Timothy Louis has served as an officer and director of the Company since July 2004. Since 1995, Mr. Louis has been the principal of Desert Capital Investments, L.L.C., a venture capital investment firm. Its venture investments include Frye-Louis Capital Management, Mobility Electronics, The Schirf Brewing Company, TGE, The rSmart Group, BH USA and PIVOT Cycles, Inc. He has served as a board member of companies such as Johnson Polymer, Inc (an affiliate company of S.C. Johnson Wax) and non-profit companies such as A.T. Still University, Desert Voices Oral Learning Center and The Phoenix Art Museum. Since 2001 he has served as the Vice President - Finance at The rSmart Group, a provider of enterprise open source applications in the global education software and services market. From 1990 to 2002 he was an owner/director of Frye-Louis Capital Management, Inc., a high net worth family asset management firm based in Chicago. The firm was sold to Credit Suisse Private Bank in 2002. Mr.
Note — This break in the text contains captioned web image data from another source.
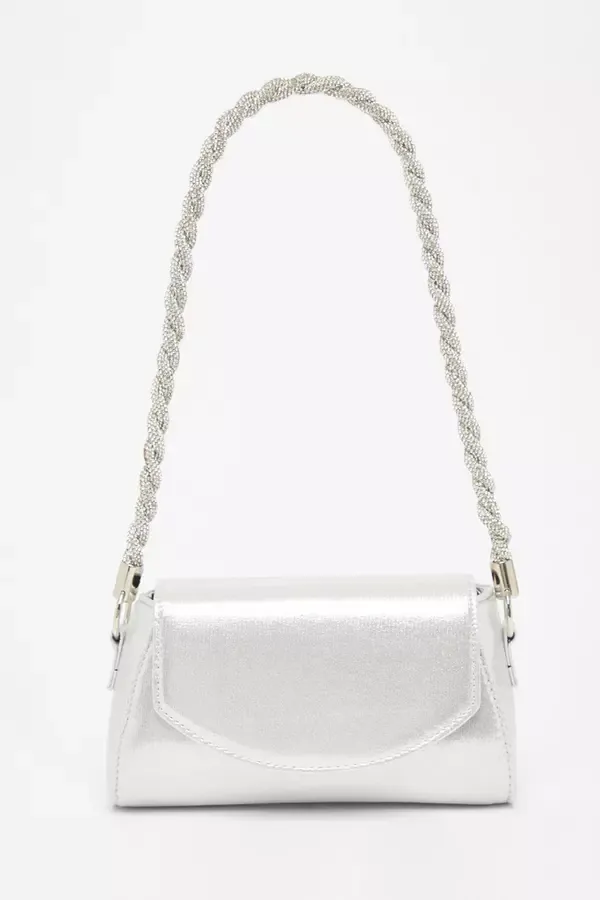Quiz Clothing Bags Silver Diamante Strap Shoulder Bag 8211 Women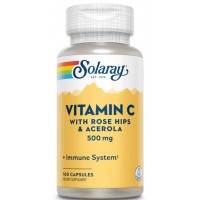Витамин С Solaray Vitamin C with Rose Hips & Acerola 500 mg Timed-Release, 100 растительных капсул
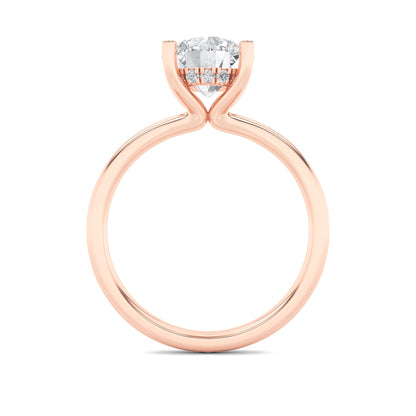 2CTW Round Lab-Grown Diamond Prong Hidden Halo Petite Shank Ring 13 Stones 1.92ct Center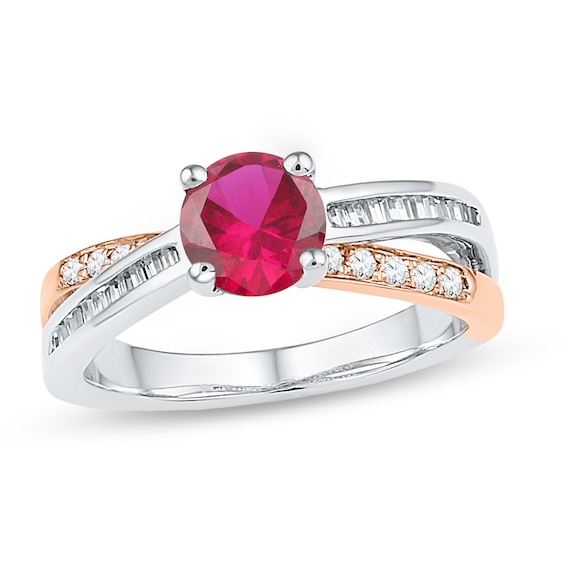 6.0mm Lab-Created Ruby and 0.38 CT. T.w. Round and Baguette Diamond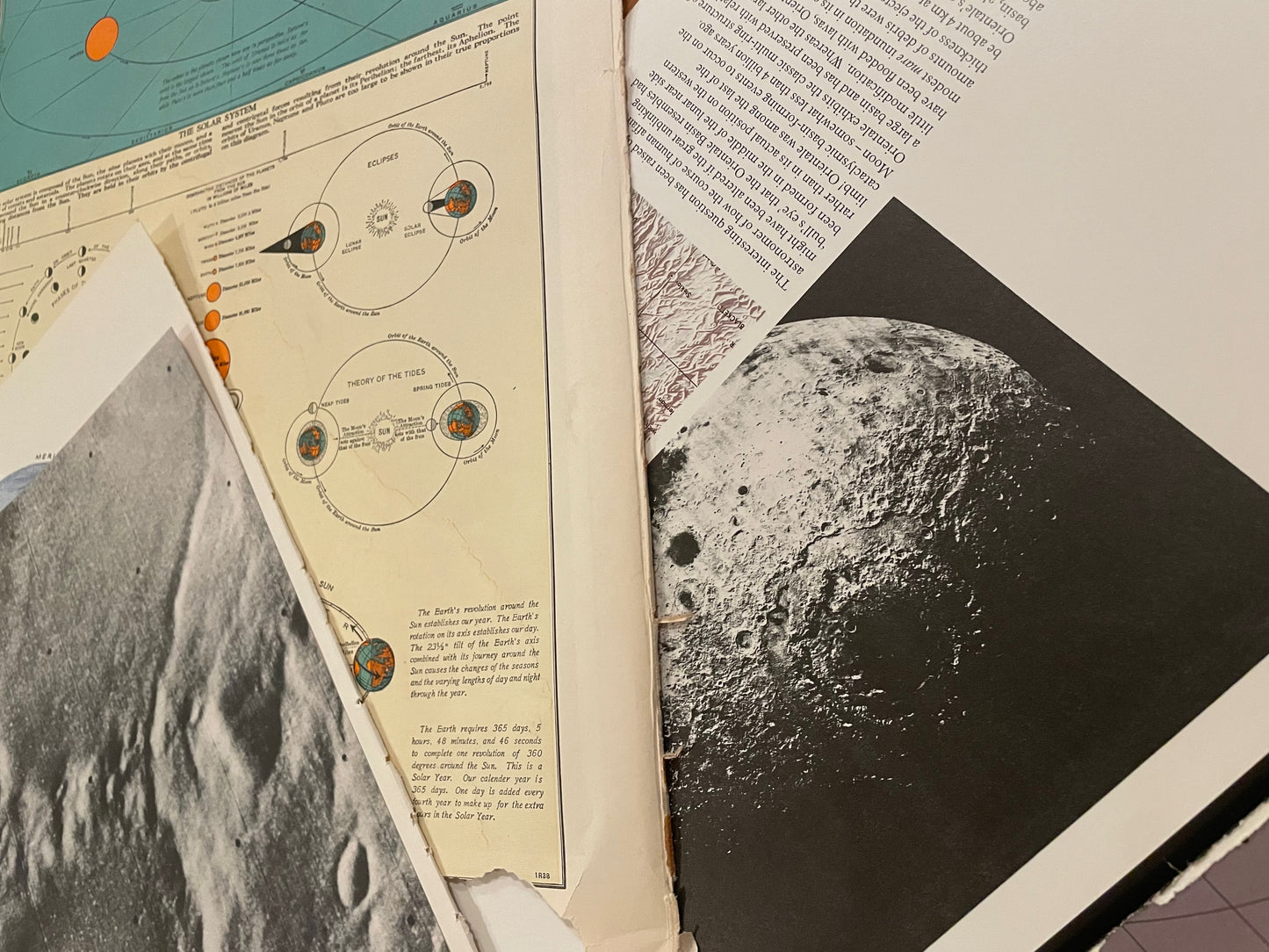 1/8 pound assortment of true vintage space and astronomy pages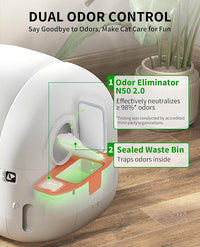 PETKIT PuraMax 2 Automatic Self-Cleaning Cat Litter Box, App Control Scoop-Free Litter Box with Safety Sensors, Odor Free & Anti-Leakage Basic Bundle Includes Trash Bags,2.4G WiFi & Low Entrance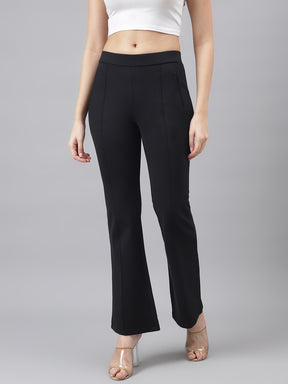 Latin Quarters Women's Black Solid Casual High Rise Full Length Trouser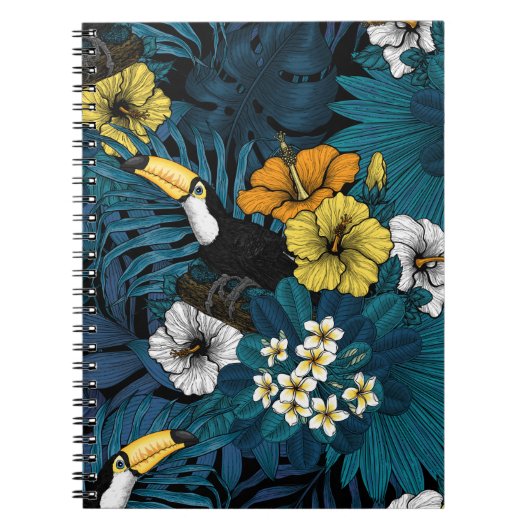 Carnet Toucans et flore tropicale, bleu, jaune, orange (Devant)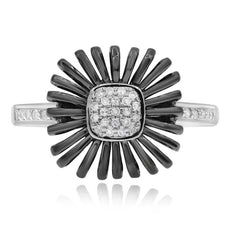 ESTATE .11CT DIAMOND 14KT WHITE GOLD 3D SQUARE FLOWER FUN RING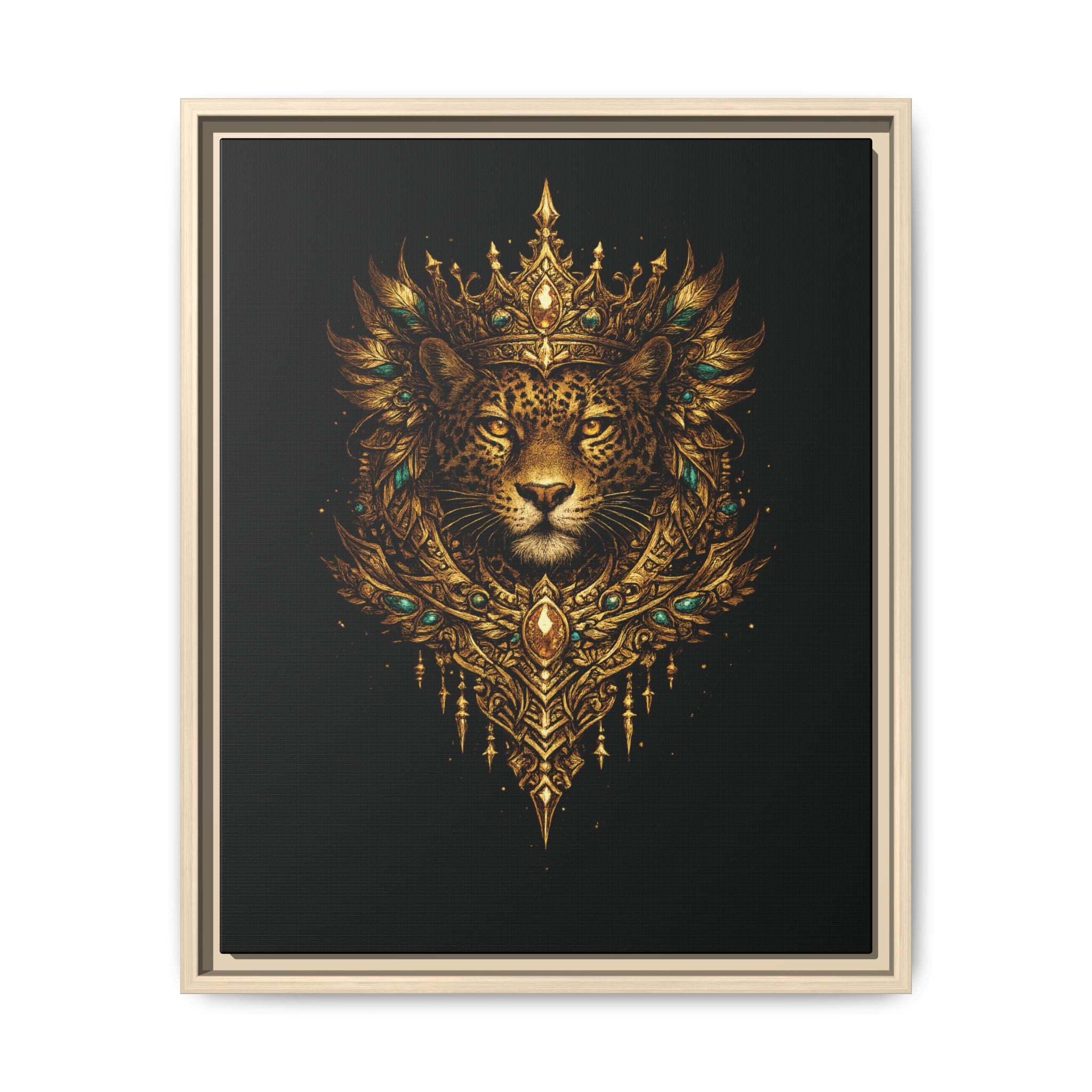 Golden Crowned Jaguar Canvas Art — Gold Crowned Lion Matte Framed Print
Louis has a B.S. in Communication Disorders and a M.A. in Audiology and Hearing Impairment from Northwestern University, and a M.B.A. in Financial Management and Markets from Arizona State University.

 

Board of Directors and Committee Meetings

 

Our Board of Directors held four meetings during the fiscal year ended December 31, 2013. In addition, our Board of Directors acted by unanimous written consent during fiscal year ended December 31, 2013. Both of our directors attended at least 75% of the meetings of the Board of Directors in the fiscal year ended December 31, 2013. We have no Committees of our Board. Our directors are expected, absent exceptional circumstances, to attend all Board meetings and meetings of any committees on which they serve.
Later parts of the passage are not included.